Recorded data:
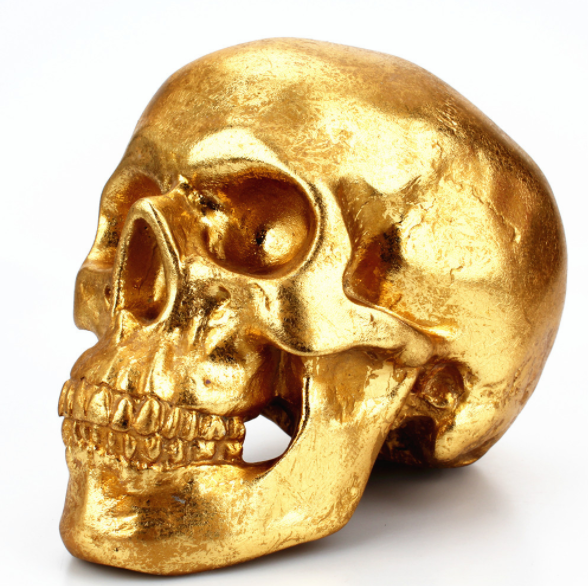 Polyresin Gold Skull Deocr Gold Foil Skull Sculpture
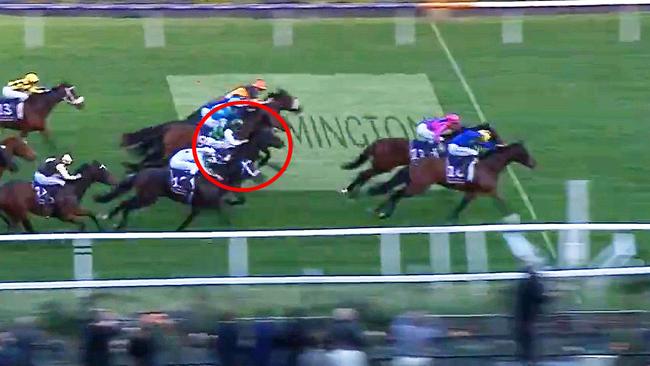 Poison Chalice (circled) was an eye-catcher in the Listed Straight Six at Flemington on Saturday.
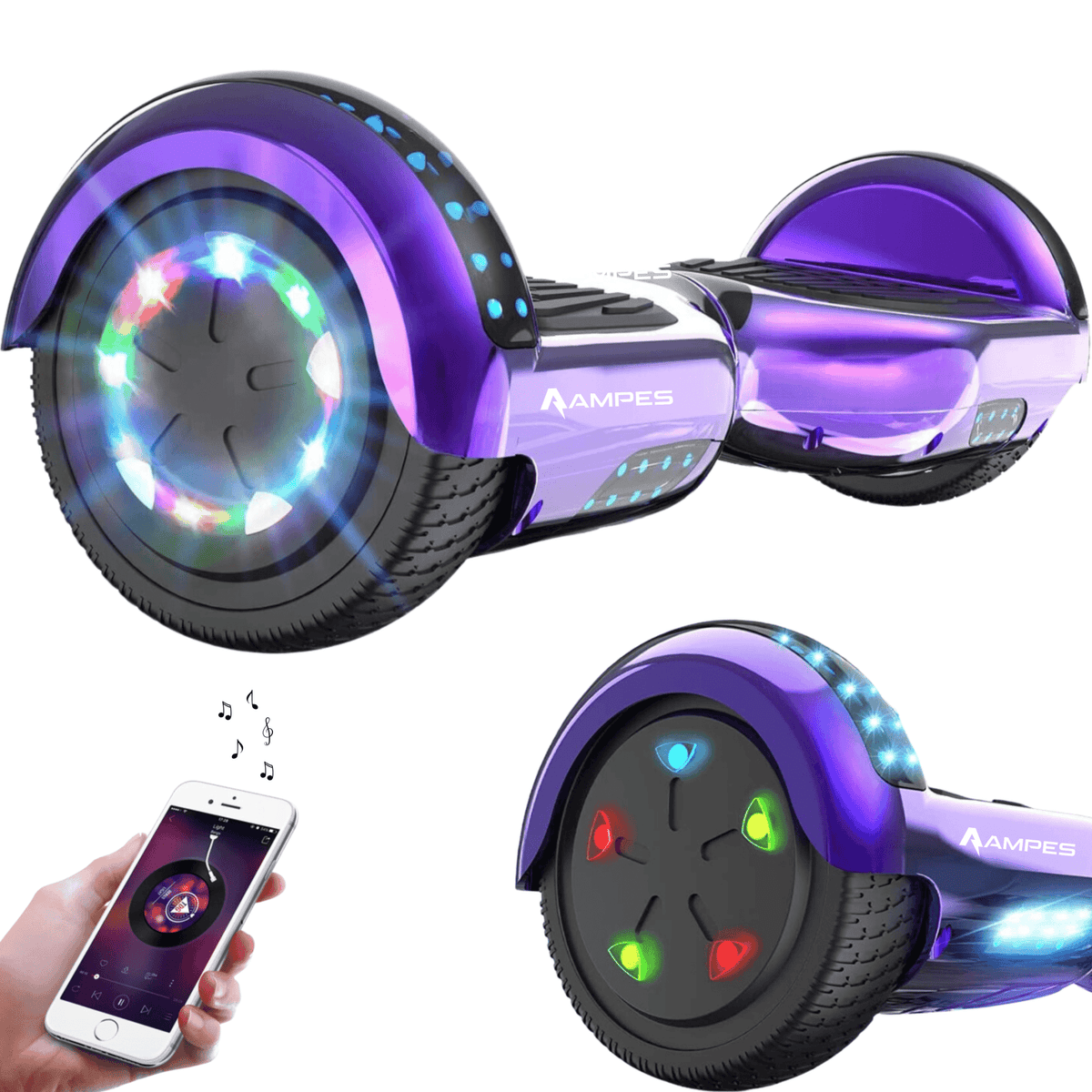 Ampes Hoverboard 6,5 Zoll – Farbvariante Chrom Lila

Task instructions:
Apart from the images, please copy every line of the data exactly as written.

Your response:
 Polyresin Gold Skull Deocr Gold Foil Skull Sculpture
 Poison Chalice (circled) was an eye-catcher in the Listed Straight Six at Flemington on Saturday.
 Ampes Hoverboard 6,5 Zoll – Farbvariante Chrom Lila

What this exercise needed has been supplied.